`Hello,
Please review the change-set that implements the commute transformation
(and thus better memory-folding and better register coalescing) for AVX512 FMA opcodes.
This is also a fix for https://llvm.org/bugs/show_bug.cgi?id=17229
If this change-set seems too big to reviewers I can split it into 2 parts:
- 2 new files with the new class Utils/X86InstrFMA3Info.[h,cpp]
- fix users of those new classes + update of the LIT tests.
Even if that happens, this 'Differential Revision' may be still useful as it shows
both - the new classes and how they are used.
- New classes X86InstrFMA3Info and X86InstrFMA3Group.
Currently there are 1584 FMA3 opcodes!
Having a huge switch {case <FMA1>: case <FMA2>: case <FMA1584>: }
in the method X86InstrInfo::isFMA3() seems just wrong.
Also, there are several other places where all those opcodes would have to be listed,
for example, in X86InstrInfo::getFMA3OpcodeToCommuteOperands().
Those opcodes would also have to be in MemoryFoldTable3[] and MemoryFoldTable4[] arrays.
Finally, some other users of FMA3 opcodes are being implemented, they also would need to
list FMA3 opcodes as well, classify and group them (register vs memory forms, check k-masked/k-zero-masked, etc).
The new classes X86InstrFMA3Info and X86InstrFMA3Group:
- List all existing FMA3 opcodes in one place,
- Classify them by adding special attributes (IsIntrinsic, IsKMergeMasked, IsKZeroMasked, etc).
- Collect relative FMA3 opcodes in groups of 6 opcodes: {FMA132r, FMA213r, FMA231r, FMA132m, FMA213m, FMA231m} or in groups of 3 register or 3 memory-form opcodes if group of 6 cannot be formed, for example only memory forms are available for FMAs loading/broadcasting one of operands from memory: {FMADD132PSZmb, FMADD213PSZmb, FMADD231PSZmb}.
- Provide useful methods like isFMA3(), getFMA3Group(), isIntrinsic(), isKMasked(), isKMergeMasked(), isZeroMasked(), get{Reg,Mem}{132,213,231}Opcode(), etc.

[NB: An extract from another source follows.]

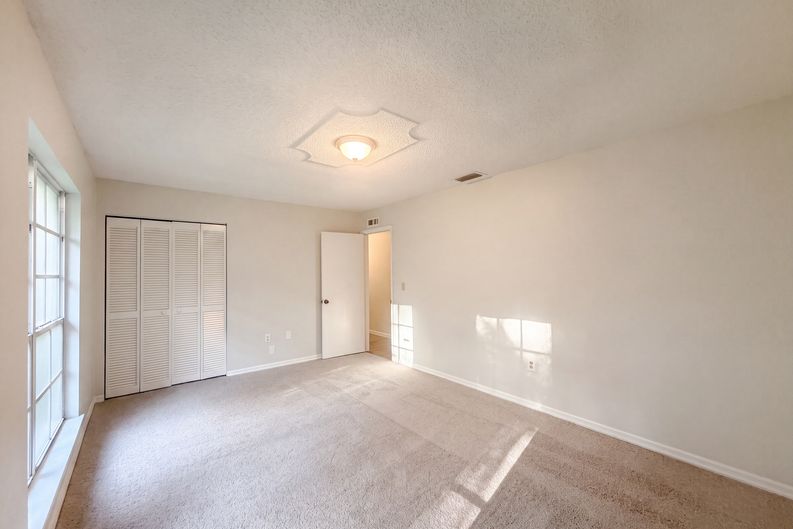 Photo 13 of 22 of 5750 NW 55th Ave, Ocala, FL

It also implements an iterator for walking through all register-form opcodes having memory-form equivalents.
The class X86InstrFMA3Info is a sort of singletons.
Only one object of the class is created per LLVM invocation.

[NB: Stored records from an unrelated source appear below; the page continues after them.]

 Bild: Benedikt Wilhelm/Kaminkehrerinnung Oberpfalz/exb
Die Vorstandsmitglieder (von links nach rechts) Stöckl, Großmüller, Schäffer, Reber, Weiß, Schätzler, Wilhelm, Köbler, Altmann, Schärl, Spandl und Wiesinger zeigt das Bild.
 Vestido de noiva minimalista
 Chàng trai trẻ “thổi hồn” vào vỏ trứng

It contains DenseMap<unsigned, X86InstrFMA3Group *> which maps Opcodes to their families,
i.e. groups of 6 opcodes, for example:
FMADD213SSr_Int -> {FMADD132SSr_Int, FMADD213SSr_Int, FMADD231SSr_Int,
FMADD132SSr_Int, FMADD213SSr_Int, FMADD231SSr_Int, IsIntrinsic};
The map is initialized once with the first request to the X86InstrFMA3Info class,
then it is possible to get a const reference to groups of FMAs (represented by X86InstrFMA3Group)
using an opcode from such group:
static const X86InstrFMA3Group *getFMA3Group(unsigned Opcode);
I used the method llvm::call_once() to ensure that the method initGroupsOnce() is called only once.
- Other changes.
X86InstrAVX512.td:
- Added isCommutable flag to more opcodes. Even K-masked and K-zero-masked FMAs opcodes are commutable now.
X86InstrInfo.cpp:
- Removed the long list of FMA3 opcodes from MemoryFoldTable3[], and added reg-to-mem mappings for 3 and 4 operand FMAs using the new iterators provided by X86InstrFMA3Info class.

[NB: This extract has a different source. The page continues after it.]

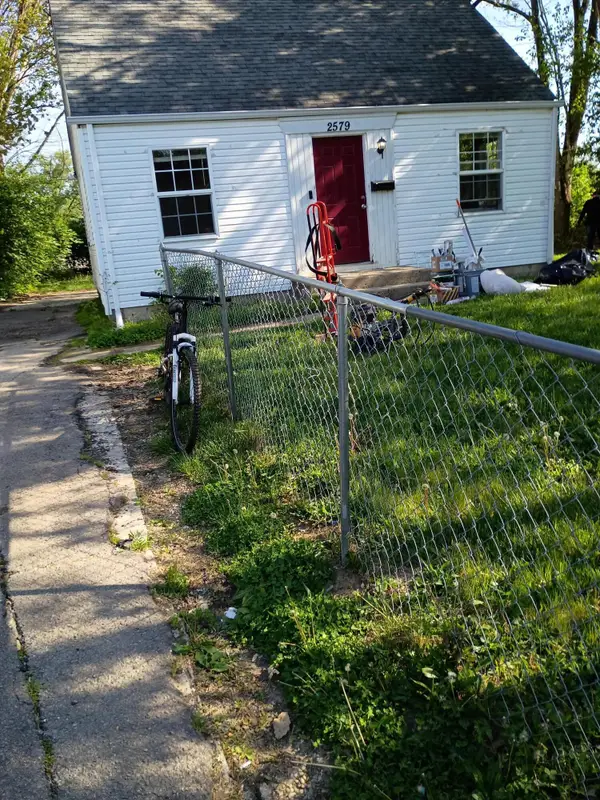 2579 Lexington Avenue, Columbus, OH 43211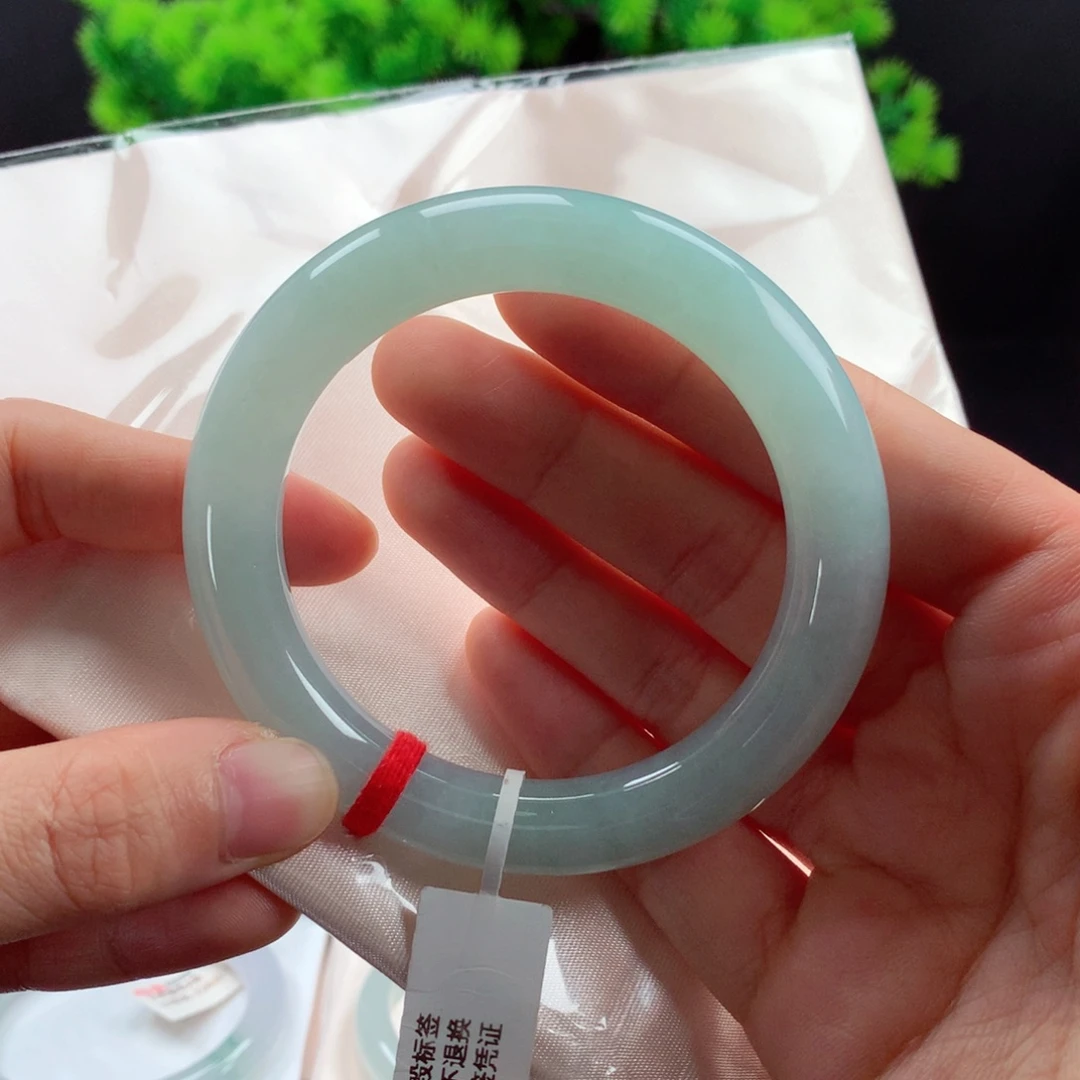翡翠未镶嵌手镯2号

- Removed isFMA3() method having a huge switch-statement.
- Added support for k-masked and k-zero-masked FMAs.
- Changed the getFMA3OpcodeToCommuteOperands(). This method is again a member of X86InstrInfo and the 1st operand
is MachineInstr &MI (instead of unsigned Opcode). The reason is that
when we start analyzing the users of FMAs we need a MachineInstr and
need the method to be a member of X86InstrInfo.
avx512-fma.ll, avx512-fma-intrinsics.ll, avx512bwvl-intrinsics.ll:
- Updated 3 LIT tests. The new code has less instructions because of better memory-folding and better register coalescing.
Thank you,
Vyacheslav Klochkov (v_klochkov)
`
These macros create a lot of small static tables and repeated initialization code for the map. Is there some way we can create fewer, larger static tables. Maybe a reg and mem table, a reg only table, and a mem only table with each row containing a group of opcodes and the attributes. Then loop through those larger tables to populate the map? Just a thought. Should reduce number of relocation entries and code size for this file.
Could probably be done as a follow up patch.